Aujourd’hui, je suis rentrée en France. C’est tout neuf, et je commence à voir tout ce qui a changé en moi au cours de ces deux années. Je réalise que cette nouvelle part de culture thaïe que j’ai gagné va devoir s’adapter pour trouver sa place dans cet autre espace. Je me rends aussi compte que j’apprécie bien plus qu’avant des gestes simples du quotidien. Je prends du recul sur un environnement que d’un coté, je connais par cœur pour y avoir quasiment toujours vécu. Et d’un autre coté, je vois désormais que cet environnement est différent parce que j’en ai une autre perception grâce à ces deux années ailleurs. A partir de maintenant le programme se résumera donc en un seul mot : réajustement. Se réajuster pour continuer à être soi tout en s’adaptant à la manière de fonctionner de son pays. Se réajuster aussi pour ne pas oublier ce que l’on a appris au cours de ces années, parce que ça peut paraitre plus simple pour se réinsérer.

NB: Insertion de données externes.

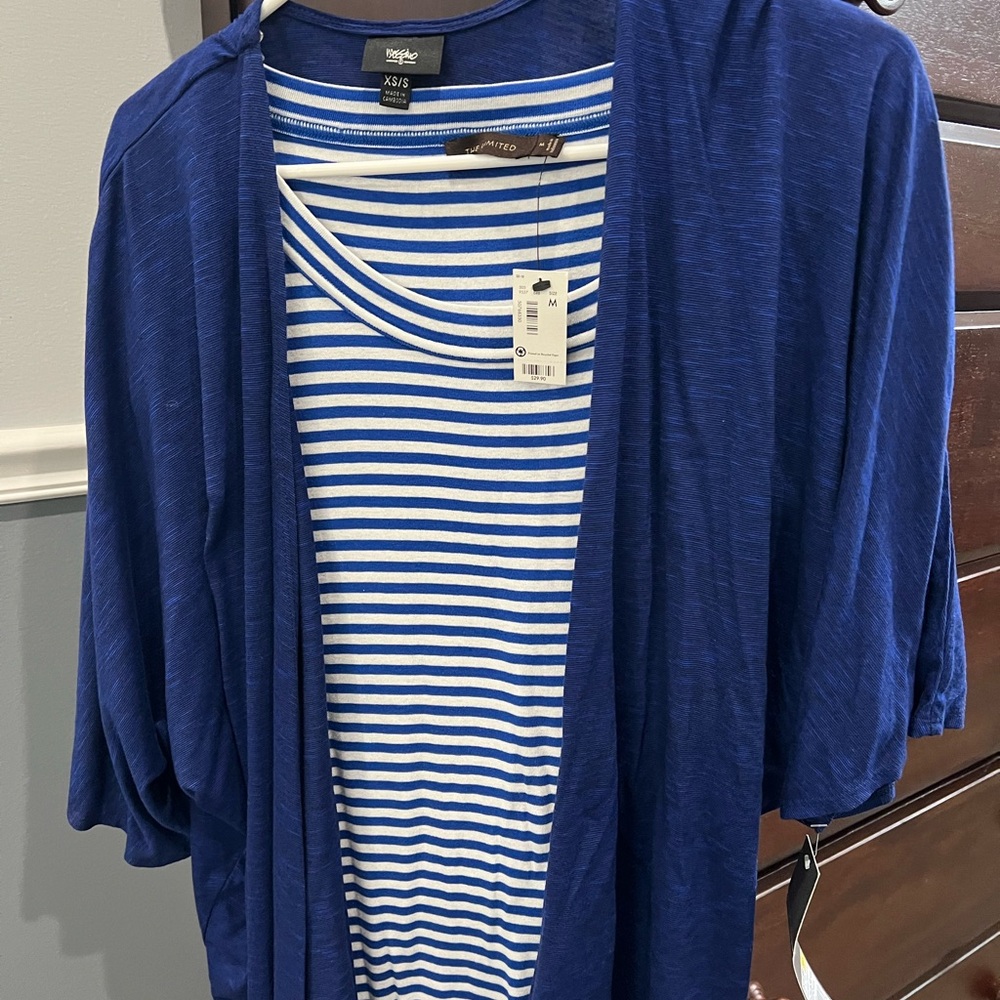 Great work attire. Royal blue short sleeve stripped shirt w/royal blue sweater.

Mais en attendant, rien de mieux que de pouvoir enfin mettre à exécution les plans que j’avais préparé depuis si longtemps à savoir : profiter de ses proches, de ses amis et…de la cuisine. Parce que oui, définitivement, les Français savent cuisiner !
Camille a passé deux ans dans le nord de la Thaïlande. Chef de projet humanitaire pour l’Association Enfants du Mékong, elle a développé, entre autres des projets d’accès à l’eau potable, de construction de salle de classe ou de dortoirs dans les internats.